His smile was a wicked thing, the kind of smile that lured a woman. “You have me with a pawn, Jemma. I wanted to go to the Levant and play the chess masters there. But it was so damned uncomfortable!”
“Sand?”
“Heat.” He stretched out an arm and looked at his lace. “I am a duke. It has been my charge since I was a mere boy, and while it has undoubtedly spoiled me, it has also marked me. I like to be clean, and I like to dress. Even in my bedchamber, if you can believe it, Jemma, I choose my garments with great care.”
She had a sudden entertaining vision of Villiers wrapped in silk. Instinctively, she struck back. “You are so thin after your illness…I wonder that you do not need an entirely new wardrobe.”
“It is a cruel truth,” he sighed. “I seek to build myself up, of course. I am so hopelessly vain that I could never allow myself to visit a lady’s chamber until I am more fit.”
Perhaps that was why there would be no third game in bed. It was to be a long campaign, she thought. The Duke of Villiers was setting himself out to entice her, before he allowed that last game to be played.
Of all the men who had ever assayed that goal, he was the most dangerous.
“So what happened during the chess match with Cosway?” she said, wrenching her mind away from the question of Villiers’s allure.
“Oh, he beat me.”
“That must have been disconcerting.”
“Very. I played like an idiot, and I knew why. It was just too bloody hot for an Englishman, though Cosway showed no signs of discomfort.”
“What kind of man is he?”
“Imagine, if you will, a rather magnificent vessel, belonging to the Bey of Isfaheet. There we sat, with a table of tiger-striped wood between us, the chess pieces carved from the same board. The bishop rode on a rearing lion; the queen was an African princess; the rook was a camel.”
“And you were there, in embroidery and lace…”

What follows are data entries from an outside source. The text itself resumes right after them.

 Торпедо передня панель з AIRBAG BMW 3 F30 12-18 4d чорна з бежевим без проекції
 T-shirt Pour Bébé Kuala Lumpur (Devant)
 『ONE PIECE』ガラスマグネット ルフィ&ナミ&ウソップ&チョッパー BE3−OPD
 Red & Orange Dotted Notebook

“The picture of a proper English duke. No one else on board had a fifth of the clothes I did. And yet I had forsaken my waistcoat.” He opened his eyes very wide. “No waistcoat, Jemma.”
“I appreciate the seriousness of your sacrifice,” she said, laughing.

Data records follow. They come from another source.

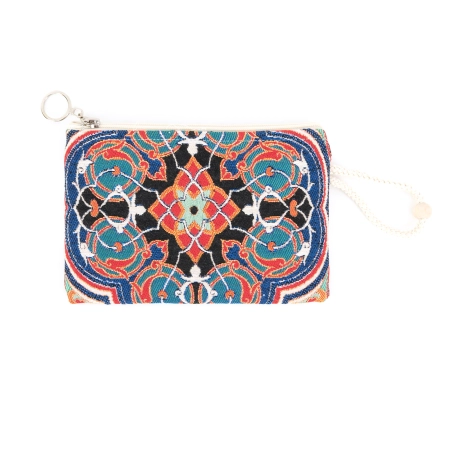 Gobelinowa saszetka z wzorem inspirowanym orientalną mozaiką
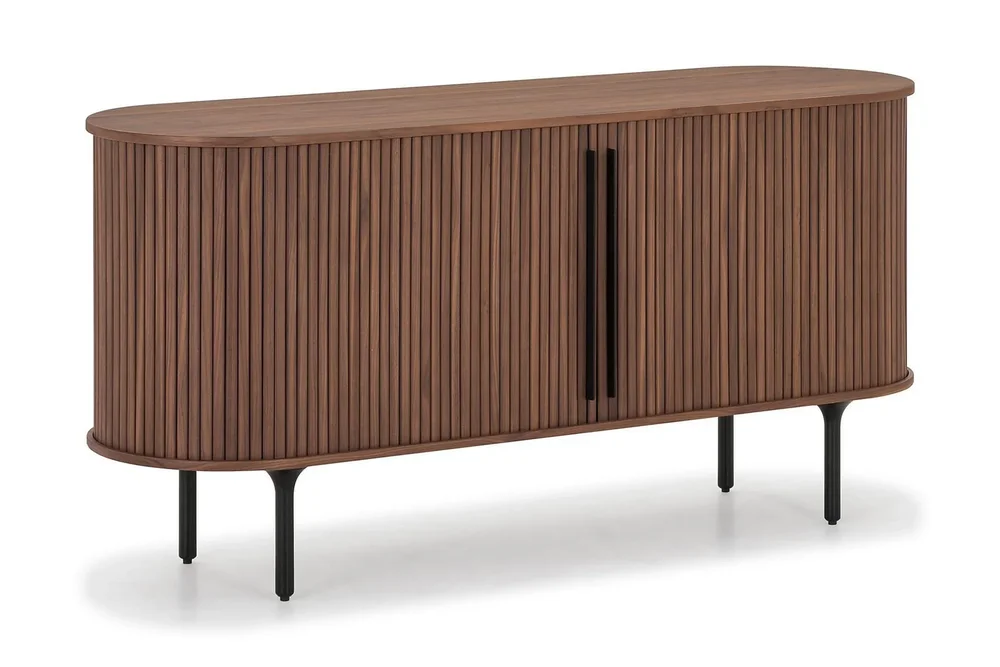 Noira Smalt Sideboard Ribbet Valnøtt 150x45 cm v:8174136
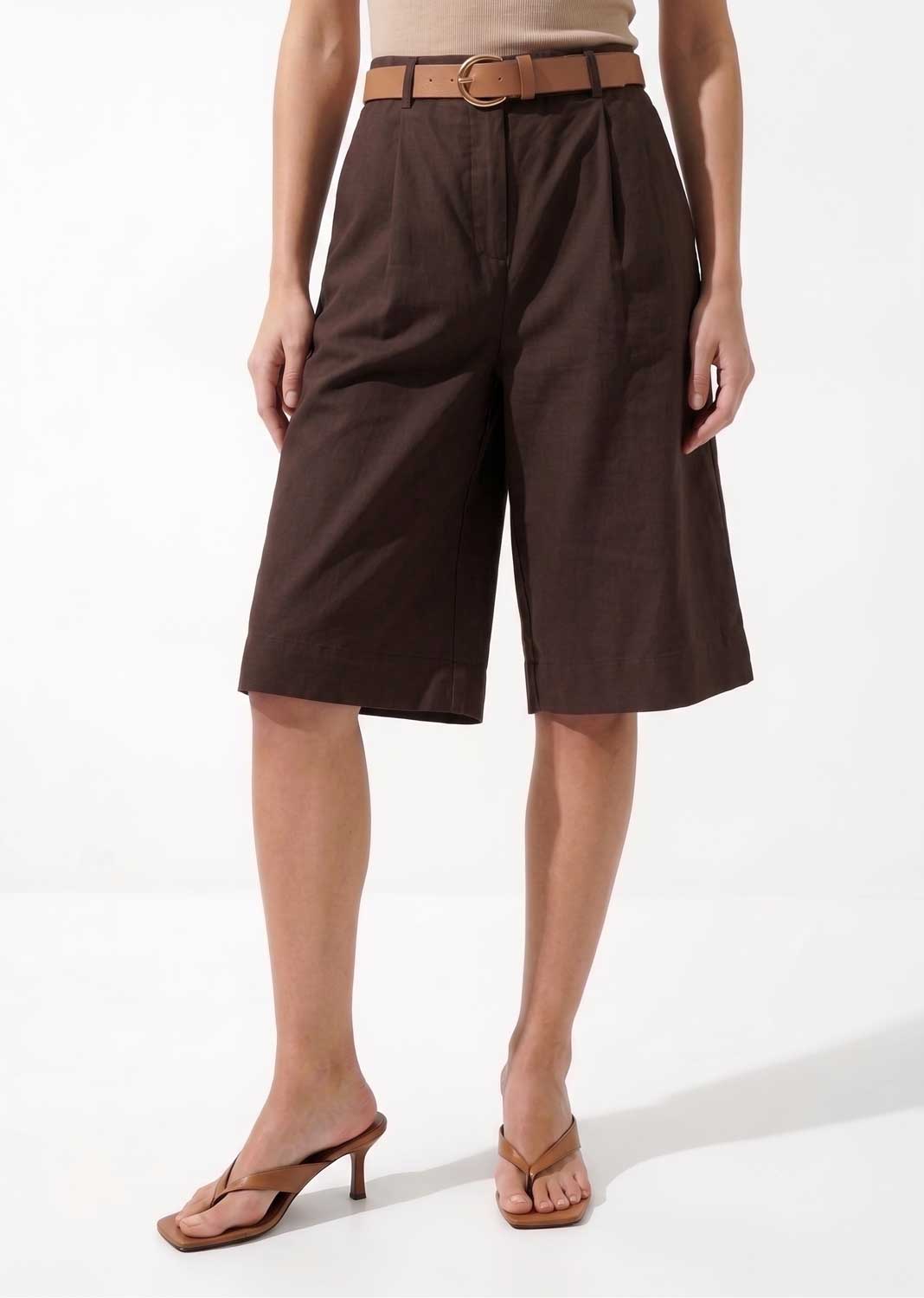 brown bermuda shorts 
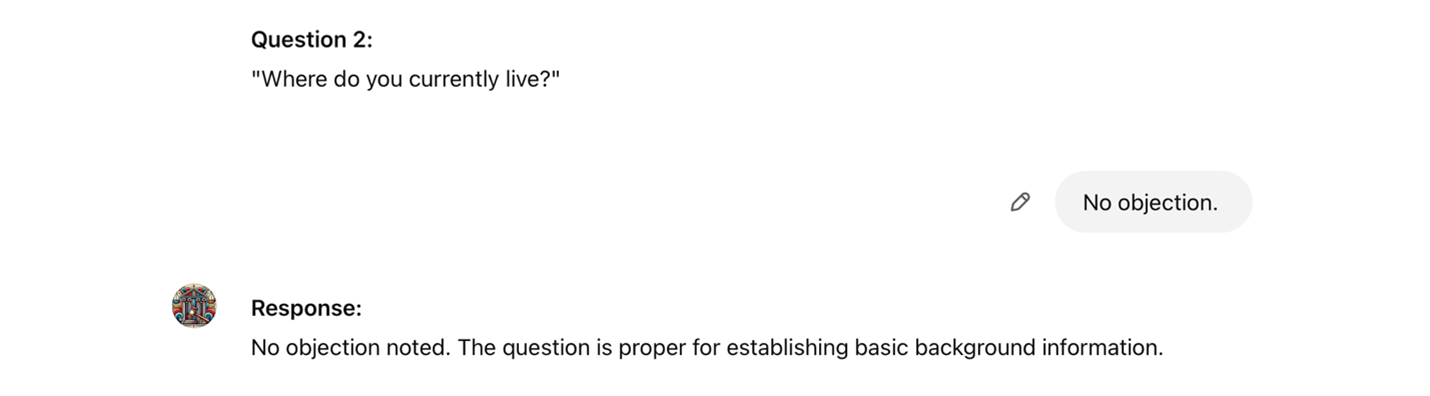 Question and response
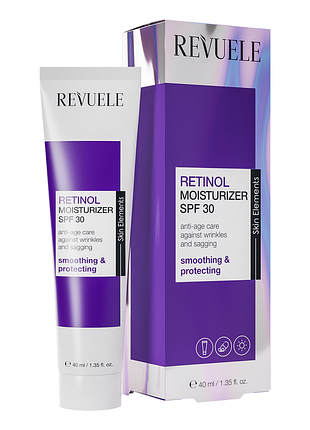Увлажняющий дневной крем для лица spf 30 revuele retinol 40 мл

“It was twilight and the air lay on the river—for we were on a river wider than I’ve seen in England—the air lay on that river like a fat whore on a six-penny bed.”
Jemma snorted.
He looked at her innocently. “Did I say something amiss?”
He was potent…he was so potent in this mood. Wicked and sly and funny. “No,” she said. “Please continue.”
“Every time I reached out my hand to move one of the pieces, drops of sweat ran down my arm.”
“And yet Cosway was not discomforted in the least?”
“Have you met him?”
Jemma shook her head.
“I think it would be fair to say that he’s my opposite. No powder. His skin is brown from the sun, of course and he’s muscled to a degree that is vastly ungentlemanly. But I think it’s the great tumble of inky black hair, unpowdered and not even tied back, that truly marks him. One can easily imagine him fighting off four or five savages at once.”
“You could do that,” Jemma said loyally.
“I’m not such a fool as to ever put myself in that situation,” Villiers said. “As I recall, he wore short trousers that barely reached his knee along with a tunic-like affair, but at some point he removed that and had the boys dunk it in the river. They returned it to him wet. He appeared to be quite comfortable.”
“Unfair!” Jemma said.
“Did I mention that he was barefoot?”
“No. And you?”
“Boots. Sturdy English boots made for an exploring Englishman, out to gather useful knowledge of the world’s fauna and flora.”
“You came home,” Jemma guessed.
“I forsook all the chess games I might have won in the palaces of the great pashas…I succumbed to the heat.”
“Or perhaps,” Jemma said wickedly, “to your insistence on dressing like a duke.”
“It has occurred to me since. Vanity, thy name is Villiers. Do read his letter.”
Jemma had forgotten about it. There was no formal salutation.
Villiers,
I’m having a devil of a time since my return. Would you do me the honor of paying me a visit? There seems to be some disapproval of my ideas. You are, to my mind, the person best suited in the world to advise me on matters of precedence and respectability.